WORK REQUIRED -> With the exception of the pictures, write out the data below precisely.
----- DATA FOR REVIEW
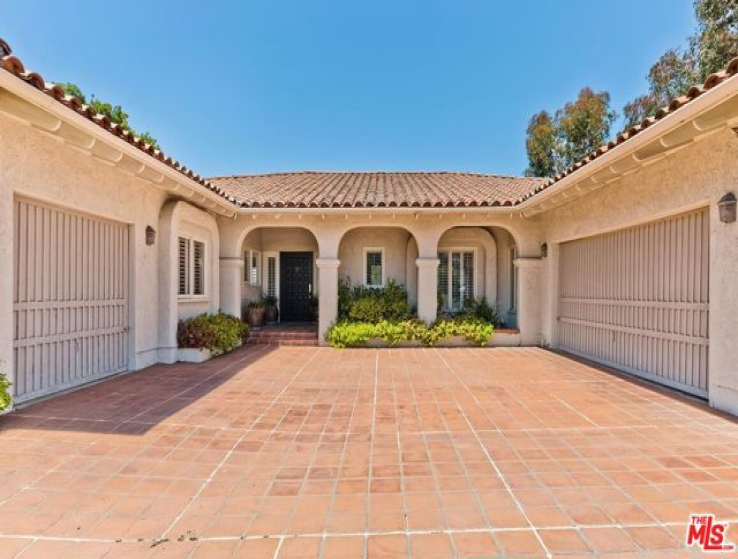 4 Bed Home for Sale in Beverly Hills, California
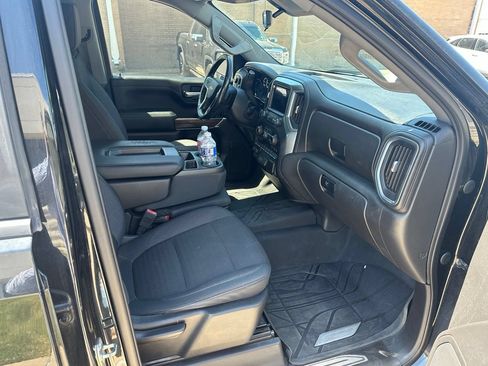 Used 2019 Chevrolet Silverado 1500 LT w/ Texas Edition AWD/4WD image 13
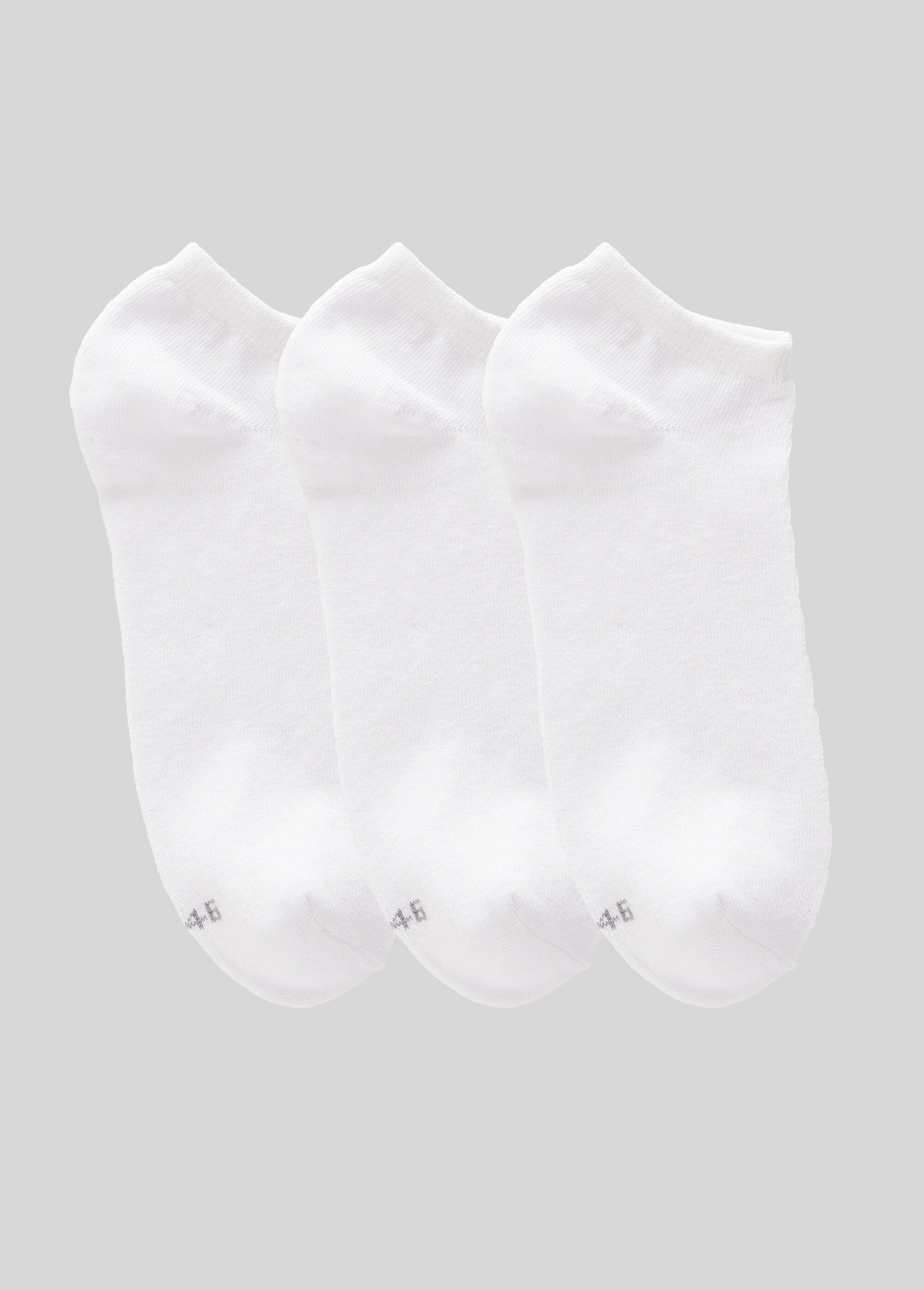 Calcetines_discretos_para_hombre_Lote_blanco3_LO1_slim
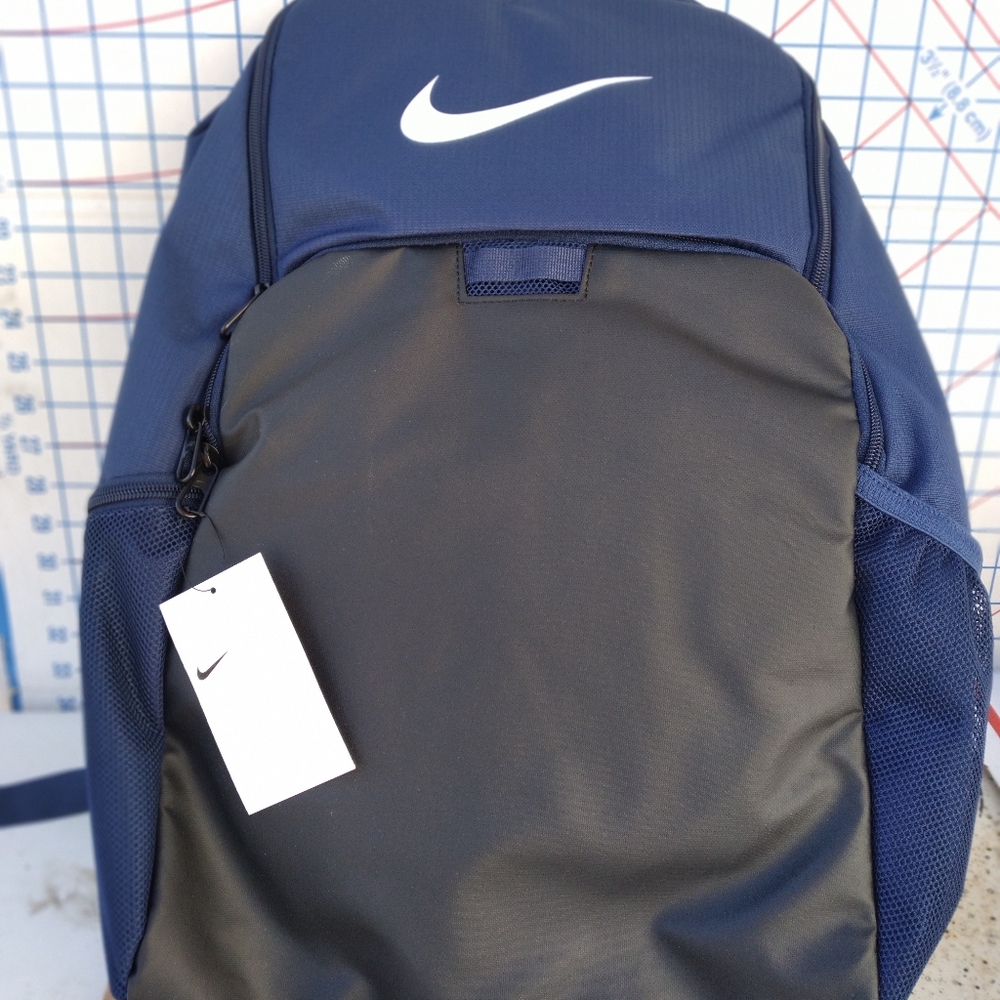Nike backpack - Picture 4 of 4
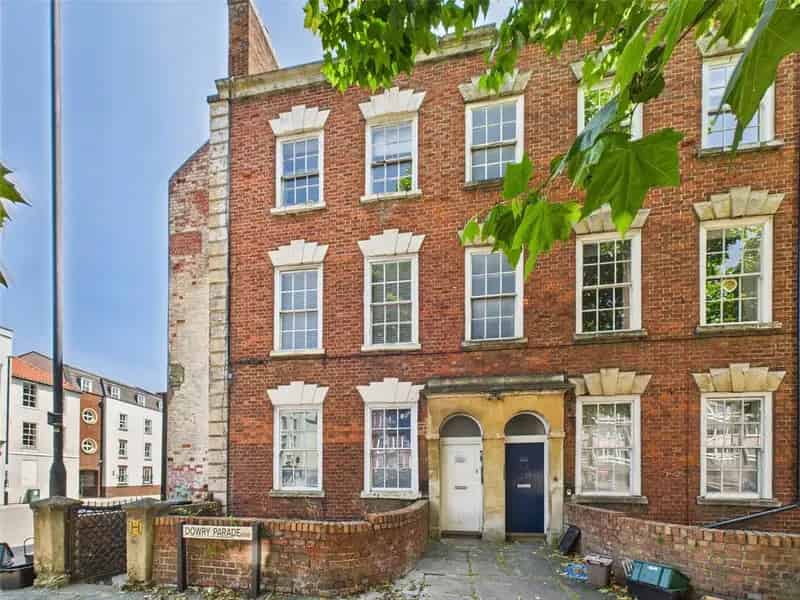 1 Bedroom Apartment for Sale in Clifton, Bristol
----------
SOLUTION ->
 4 Bed Home for Sale in Beverly Hills, California
 Used 2019 Chevrolet Silverado 1500 LT w/ Texas Edition AWD/4WD image 13
 Calcetines_discretos_para_hombre_Lote_blanco3_LO1_slim
Nike backpack - Picture 4 of 4
 1 Bedroom Apartment for Sale in Clifton, Bristol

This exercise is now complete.